Today marks my official resignation from the Delta Foundation of Pittsburgh Board of Directors. I have contemplated the resignation for a full year, and back in June officially announced my decision, and set the date of resignation as today. This date was selected to align with the last day of our ARSP volunteer’s placement with Delta.

I have been on the board for a bit over three years and have appreciated my involvement with the group very much. I believe strongly in the importance of Pride, and Delta has done an amazing job building Pittsburgh Pride into a tremendous asset for the region, the city, and the local LGBT community. I’m sure they will continue to do great work, and I wish them the best of luck. However, I’m aware that my biggest passion concerns getting LGBTQ and supportive allies to go and meet with their legislators, a very specific type of issue advocacy work. I feel I can better address that interest independent of the Delta Foundation. Additionally, my blogging has probably suffered the most while I have been on the board because of both a time limitation, and also a desire to not rock the boat  (to much) posting opinions that are too directly in conflict with the Delta official position. So, to address these three reasons, I felt it was time to step away, refocus my time and energy, and allow Delta to keep moving forward as well with the great work that they do.

To be honest, looking back, I never expected some of what came because of being associated with Delta.
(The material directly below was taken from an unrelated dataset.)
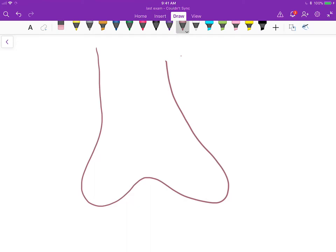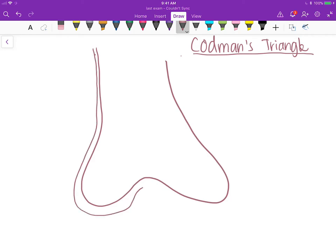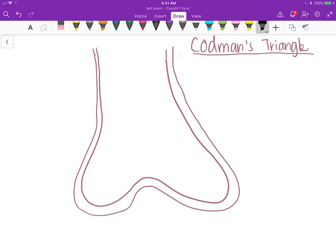We're talking about what exactly is a Codman's Triangle. Here you have a bone, and around the bone you have the periosteum, which is a vascular tissue structure that goes around the bone. Codman's Triangle occurs when you have a tumor that is growing so fast.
To be sure, no organization, especially one that is all volunteer, does everything perfectly, but far too often, I found myself dismissed as part of Gay Inc, both a criticism and a designation that never applied. Even with its imperfections, Delta has done a tremendous amount for LGBT visibility and equality. They don’t deserve so much of the criticism thrown at them. As a blogger, my opinions always were my own and never during my time with the board did I alter or revise my position to please anyone. I have always been a blogger who has said things exactly like I see it. But I think being fully independent of Delta may allow some of those ideas to be read and understood differently.

As important as I believe Pride is, I also must admit that in the bigger scheme of things I  care more about other things, like issue advocacy with legislators. This is fairly unexciting, not-trendy work which is essential if we are going to get the legislature of Pennsylvania to move forward on any LGBT positive legislation.  Both Pride and issue advocacy are types of visibility-building, but to most people they seem more different than similar, so I think stepping away from that identity of “Pride” will help focus attention on issue advocacy more directly.

So, today marks a new direction as well as leaving one. It is all exciting, and I am looking forward to what comes next.